__WHAT TO DO__
Every picture should be left out, but the lines below must be repeated exactly.

*** COLLECTED DATA ***

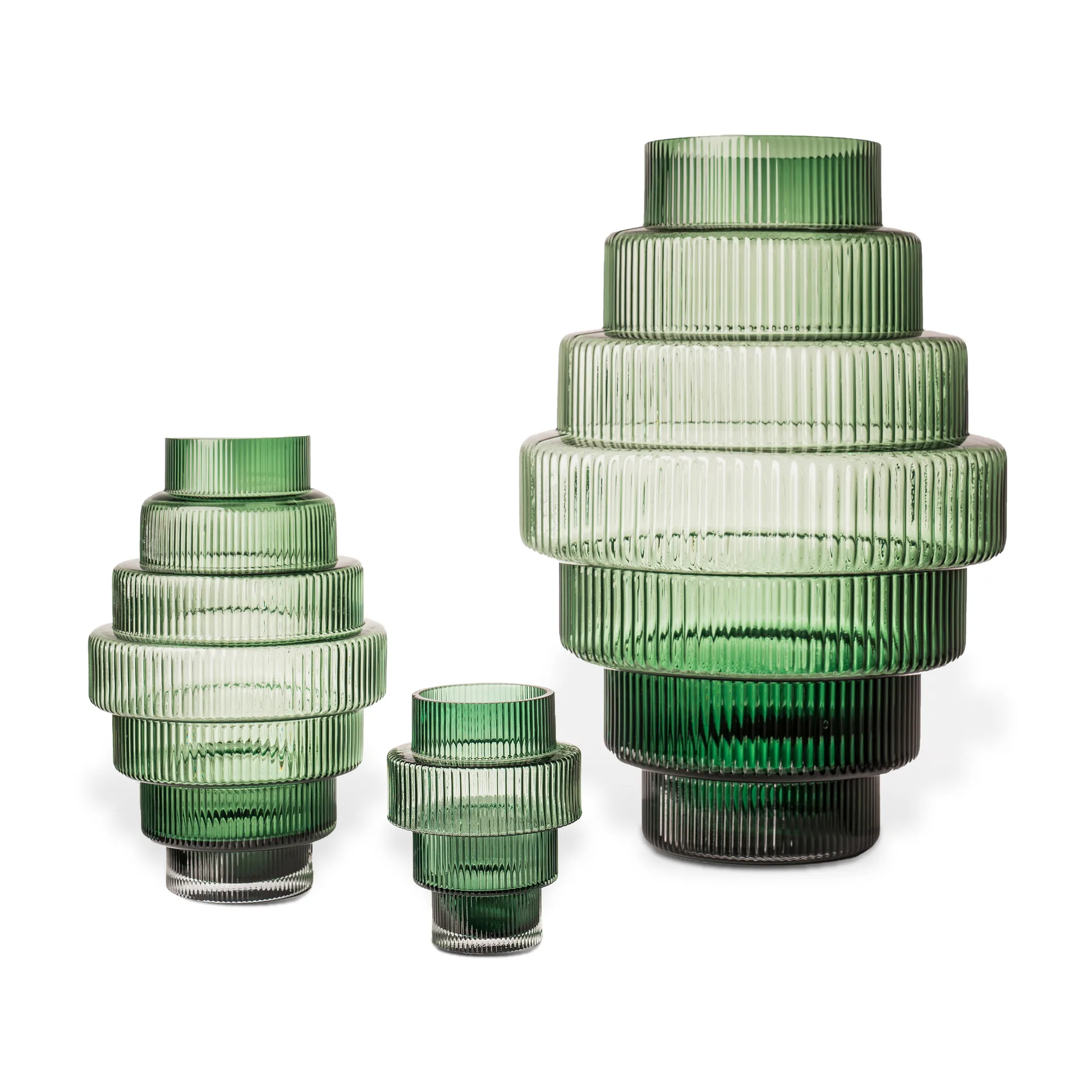 Steps tealight holder 12 cm, Dark 绿色 POLSPOTTEN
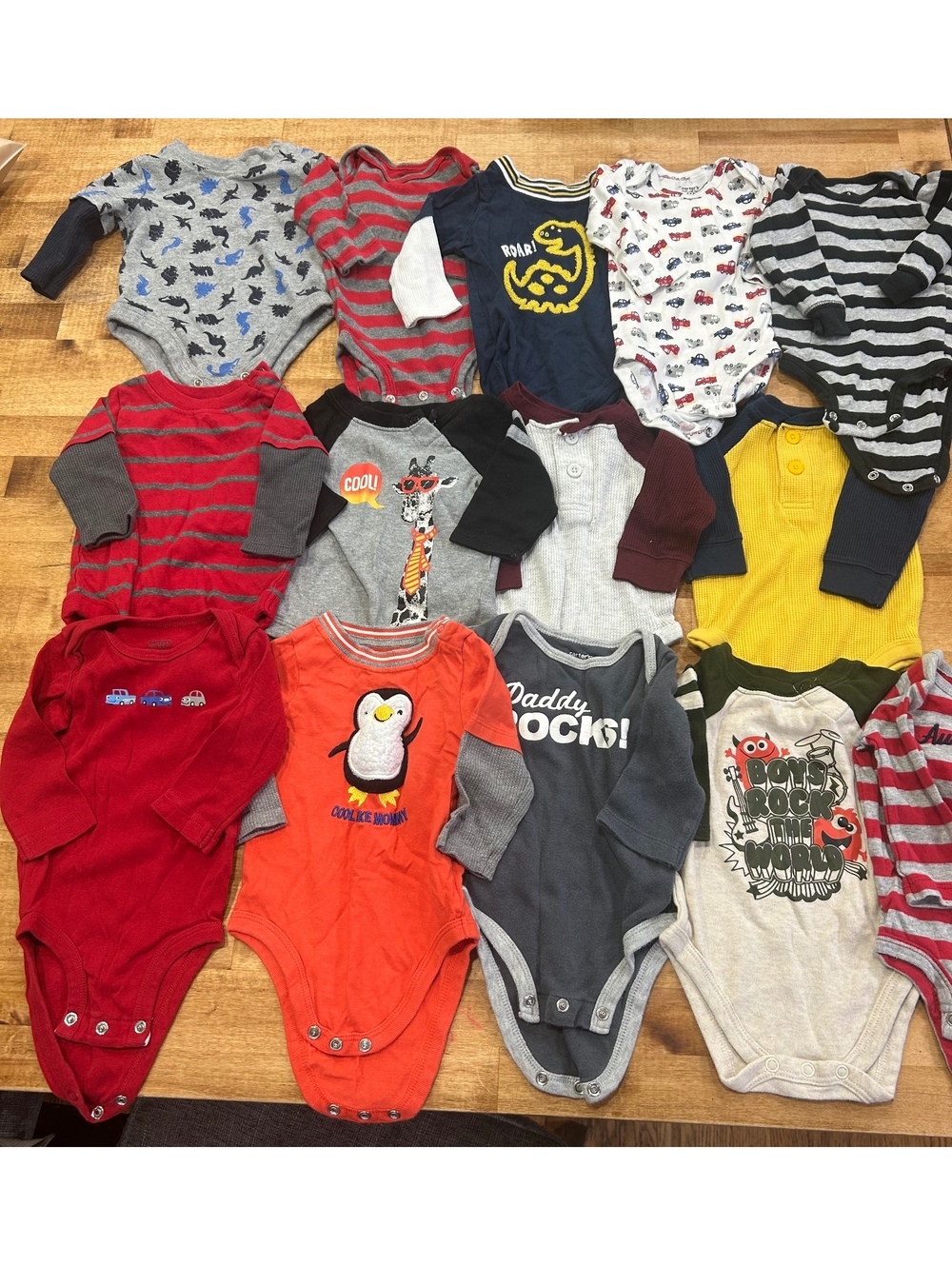 Lot of 14 Baby Boys Long Sleeve Bodysuits bodysuits 0-3 Months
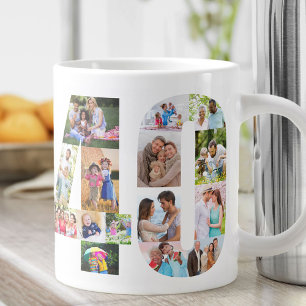 Foto Collage Nummer 40 - 40-årsdag Jumbo Mugg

*** End of COLLECTED DATA ***

__RESULT__
 Steps tealight holder 12 cm, Dark 绿色 POLSPOTTEN
 Lot of 14 Baby Boys Long Sleeve Bodysuits bodysuits 0-3 Months
 Foto Collage Nummer 40 - 40-årsdag Jumbo Mugg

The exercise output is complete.